And, every time we empowered moms post to a blog or an open forum, we are attacked and denigrated and every word we say is denied by those who desperately want to keep the mythology alive. It has become a very, very sad world, indeed.

5 comments:

Anonymous said...

Robin, I came across your blog hap-hazardly, you know, the unexplained forces in the universe crossing and crashing thru time and space...I only had time to scan thru your most recent entries. I would like to talk with you in regards to also having given up a child for adoption when I was much younger and now trying to reunite. Since I don't know where to e-mail you, would you look me up at sherisgarden.spaces.live.com? I look forward to hearing from you.

Robin said...

Hi Sheri, I sent you a message.

Angelle said...

I too came upon your blog by accident, or maybe not. You have a great voice of reason. I drank the koolaid on adoption. Now I know better.

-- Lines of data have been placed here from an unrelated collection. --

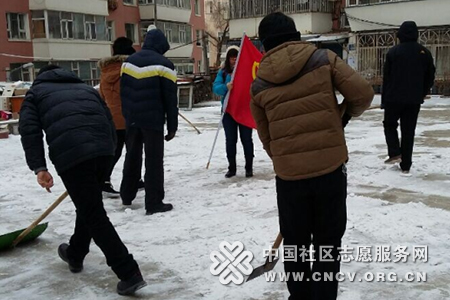 长春湖光社区大学生志愿者义务扫雪献真情-关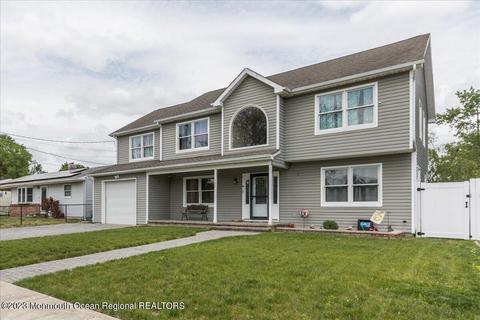 505 Oak St, Lakehurst, NJ 08733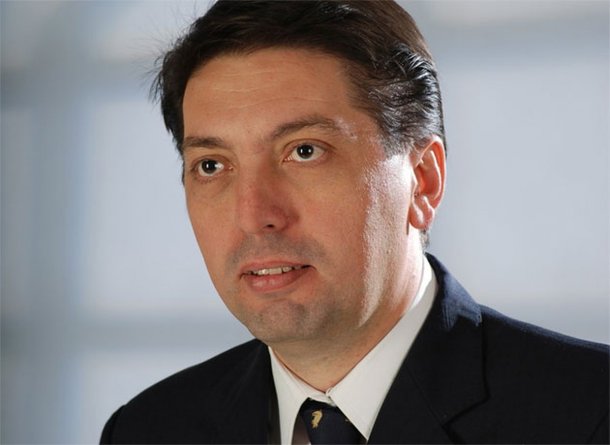 Gustavo Lazzari: "El Estado que se endeuda o emite se convierte en voraz y te revienta a impuestos"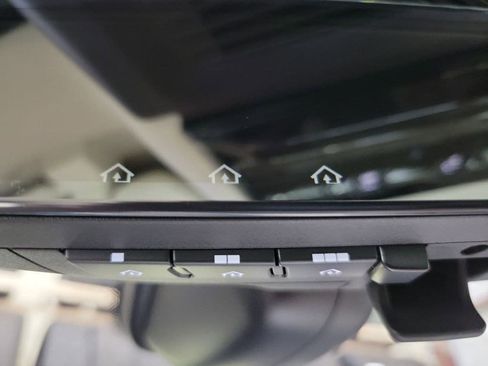 New 2025 Land Rover Range Rover SE image 38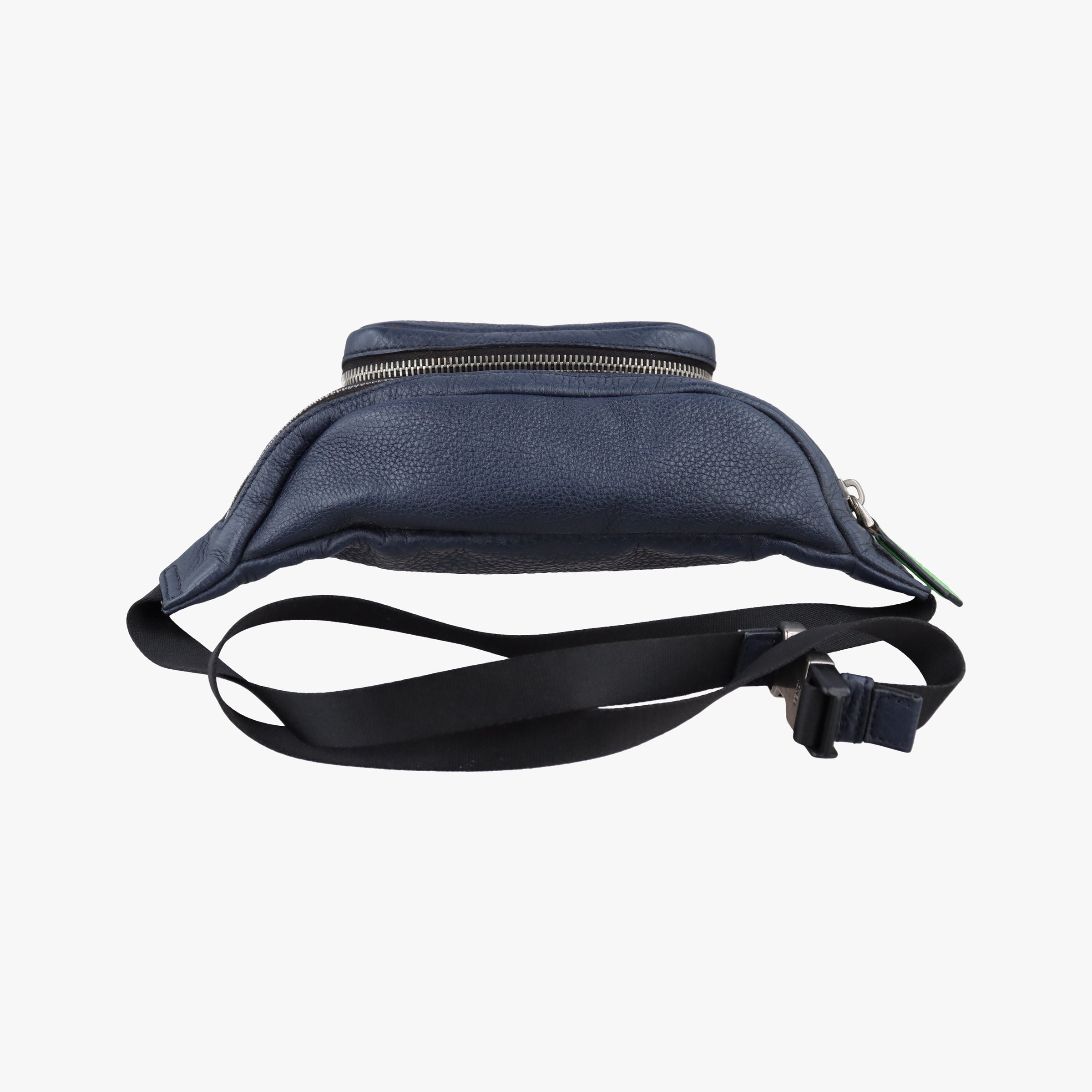 Secondhand Fendi Pecan AMOR Logo Navy Leather 7VA446 bum bag/waist bag | stylenewstar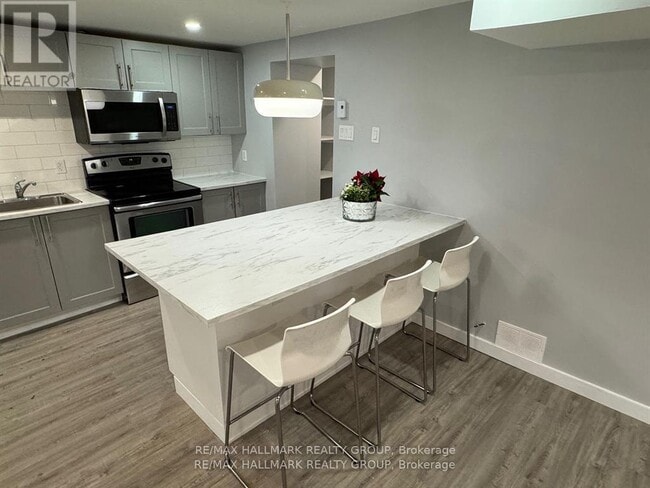 Building Photo - 15 Marier Ave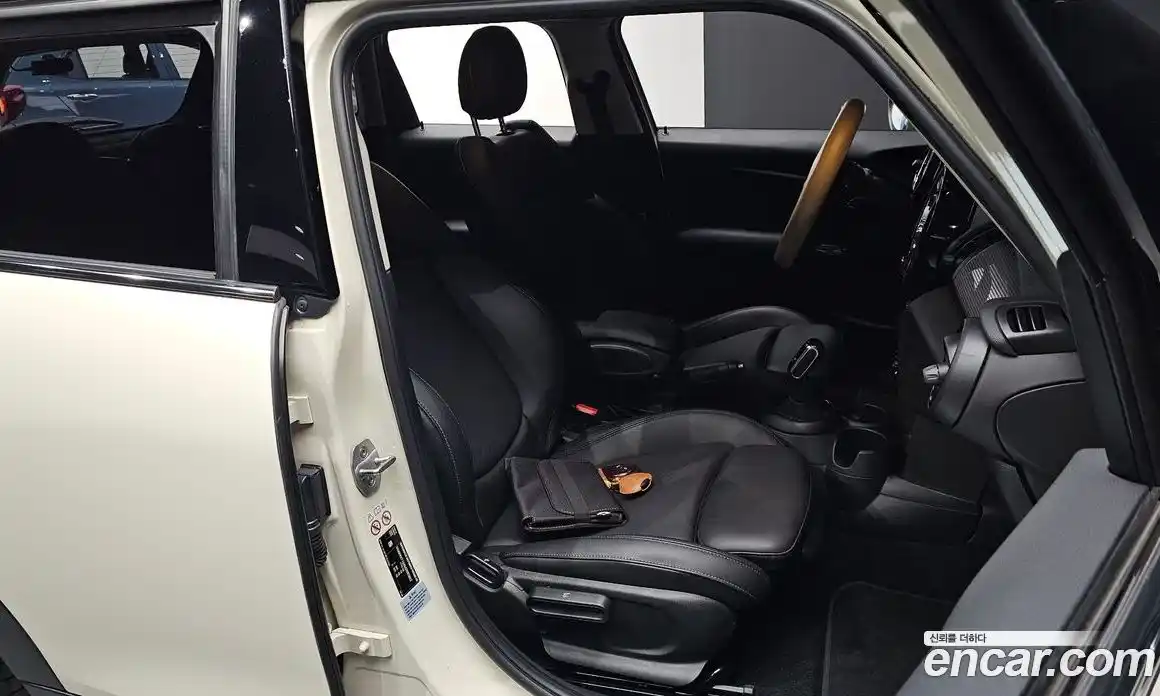 Mini Cooper 2021 1.5 Автомат в Москве № 214110, фото 13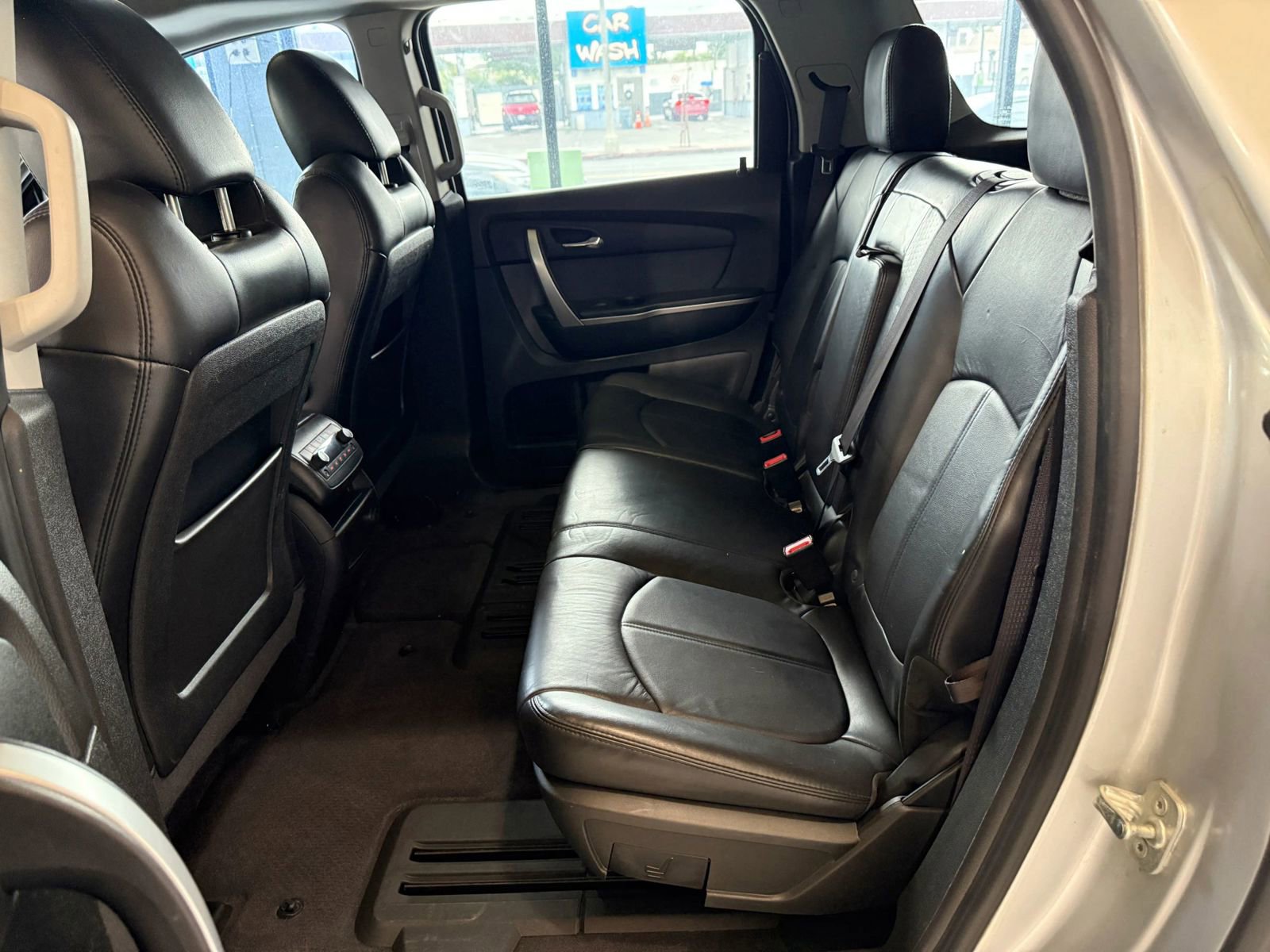 Used 2012 GMC Acadia SLT FWD image 10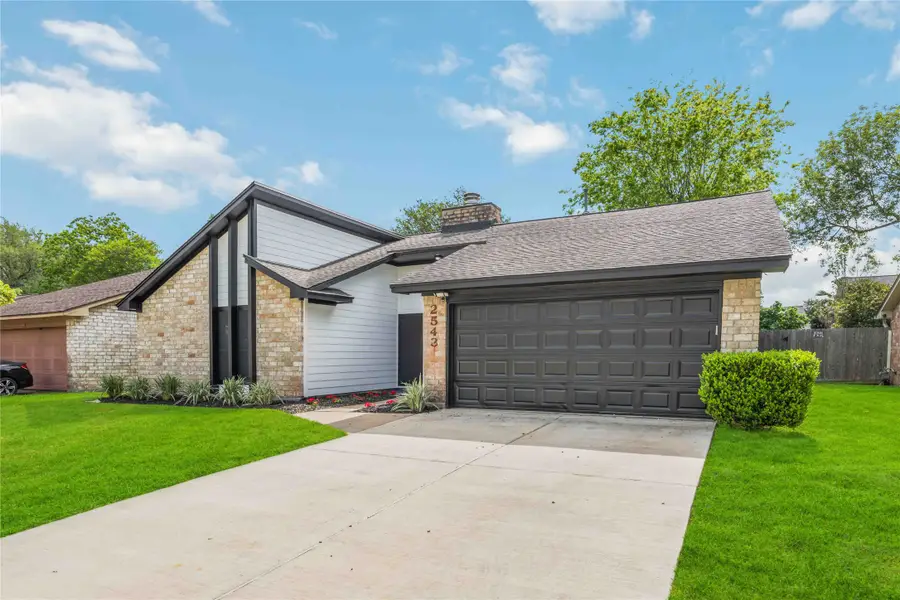 2543 Sage Brush Lane, Sugar Land, TX 77479 - #2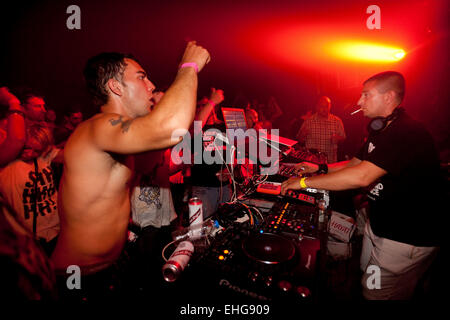 Matthew Bushwacka B DJing im Shake It in einer Lagerhalle in London SE1 am 4. Juli 2009. Stockfoto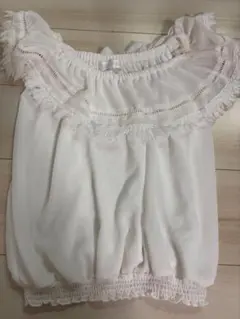 CECIL Mc Bee ホワイトオフショルトップス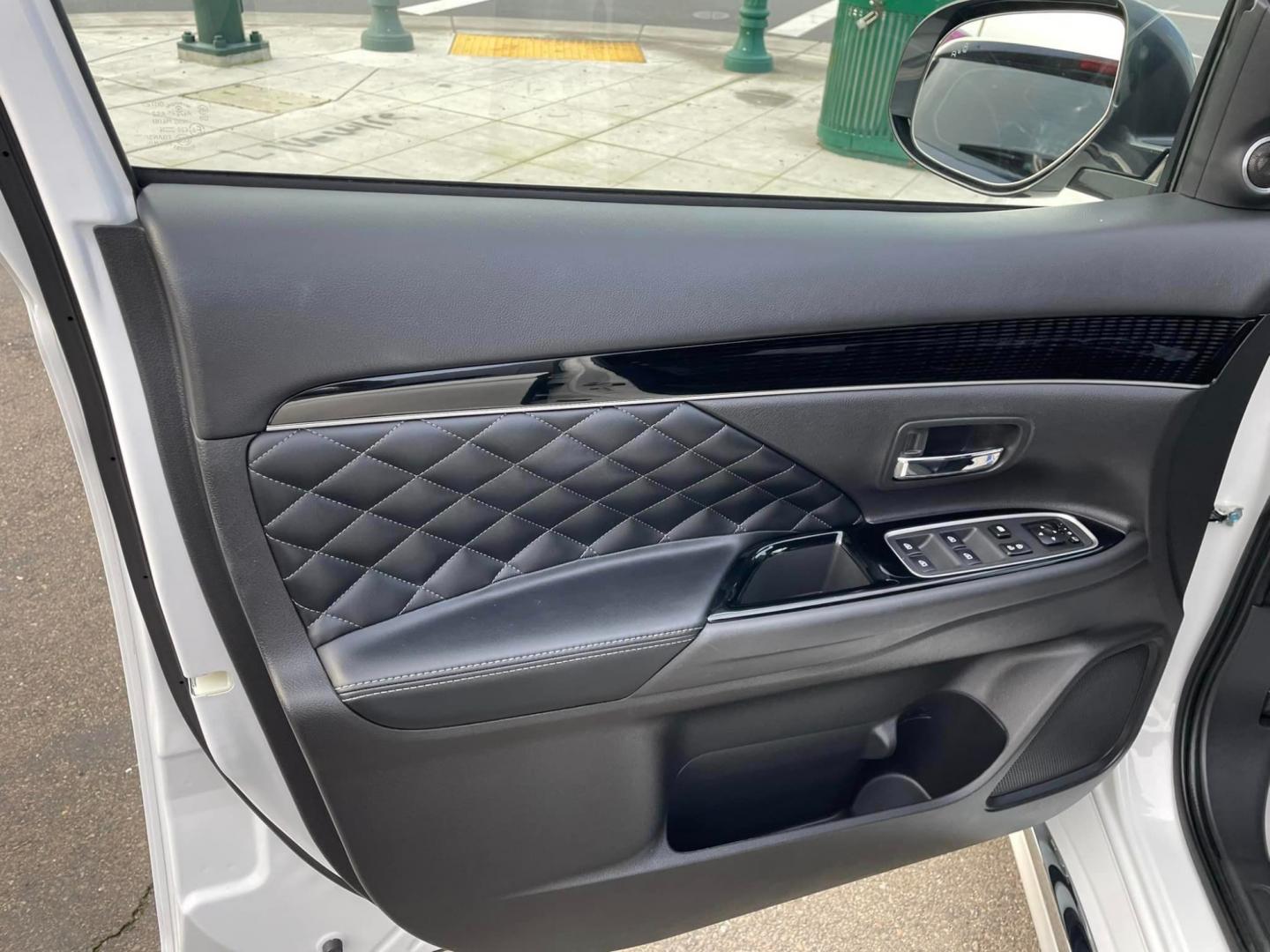 2020 WHITE /BLACK Mitsubishi Outlander PHEV (JA4J24A55LZ) , located at 744 E Miner Ave, Stockton, CA, 95202, (209) 944-5770, 37.956863, -121.282082 - PLUS TAXES AND FEES - Photo#4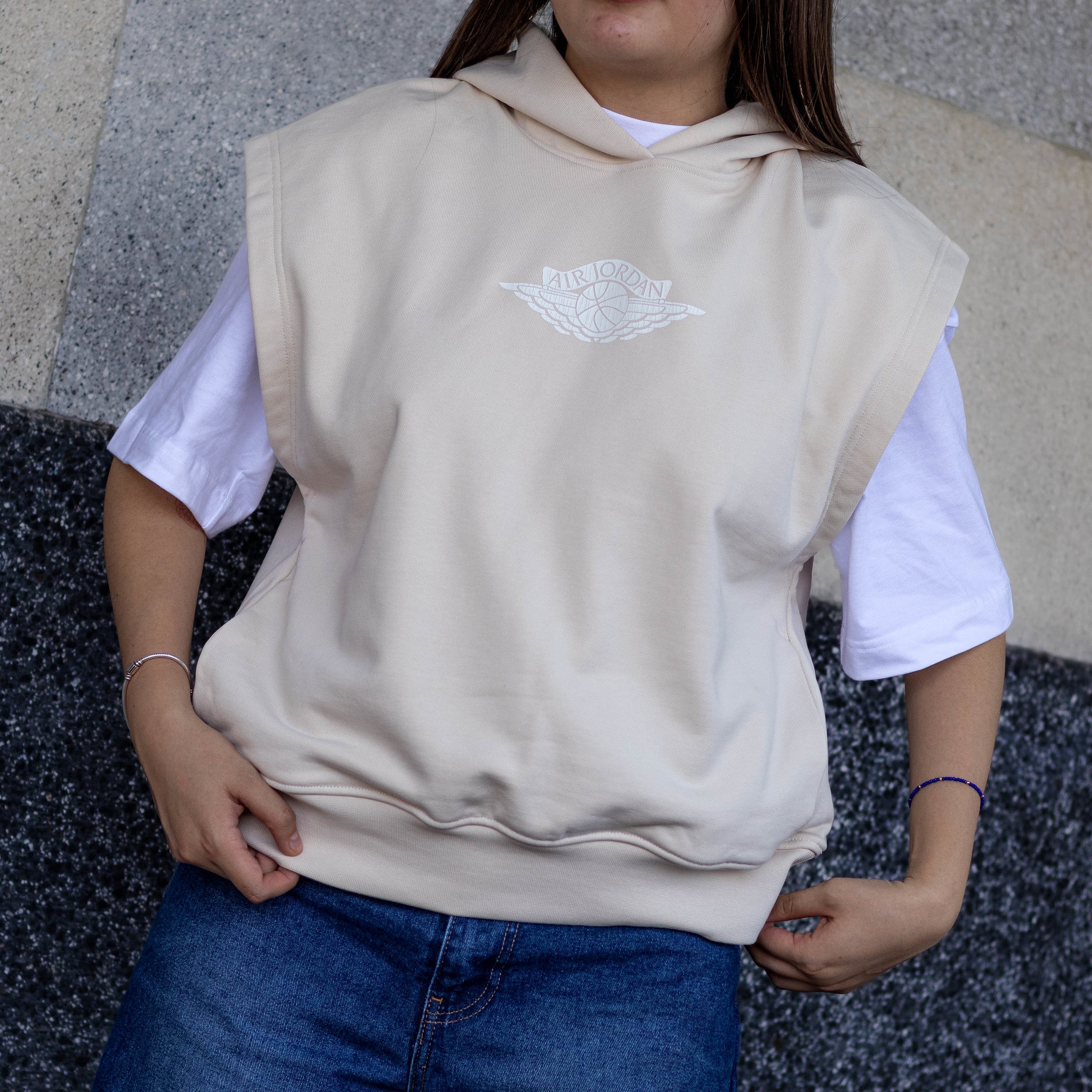 JORDAN HOOD SM BEIGE WINGS WHITE
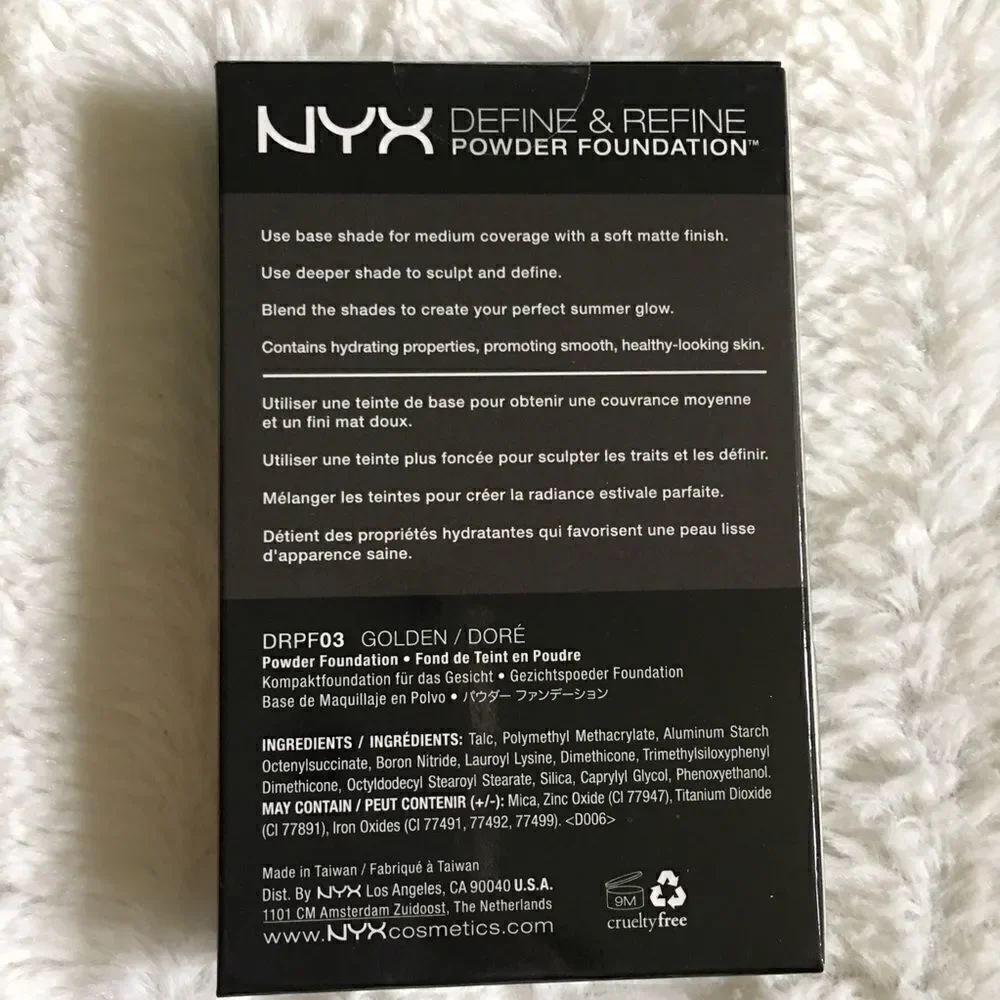NYX Define & Refine Powder foundation Golden New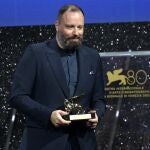 Greek filmmaker Yorgos Lanthimos holds the Golden Lion award for his movie 'Poor Things' during the closing and awards ceremony of the 80th annual Venice International Film Festival, in Venice, Italy, 09 September 2023.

I am in reunion for 6 months, it is going slow but well. At least I sort of feel at peace.

Thinking Mama said...

You know, Robin, I can feel your pain. I've backed off a bit from trying to convince everyone that adoption is wrong and horrid. But what I feel about adoption is a part of everything I do, whether it is overtly stated or not.

As much as I love the place where I grew up, people look at me as my adopters' daughter, even though I'm not. Also, I would like to live where my mother lives, but that's hard too because I didn't grow up there and don't have the same familiarity with the place as if I had grown up there. So, I moved 3,000 miles or so away from my real and adoptive families so that I can be who I really am. One thing that adoption does is to make really awkward social situations.
I can't help but wonder if social wreckers had this in mind when they were so busy separating mothers and children. My guess is that they had no clue that we would rise up and that their little experiment would fail. Then again, they, like the Nazis, may have just been following orders.

Robin said...

"Then again, they, like the Nazis, may have just been following orders."

That could be, TM, but I think I remember seeing too many of them enjoying the power and the self-assumed right to make moral judgments on us to think they are entirely just hired help. But then, neither were the Nazi torturers.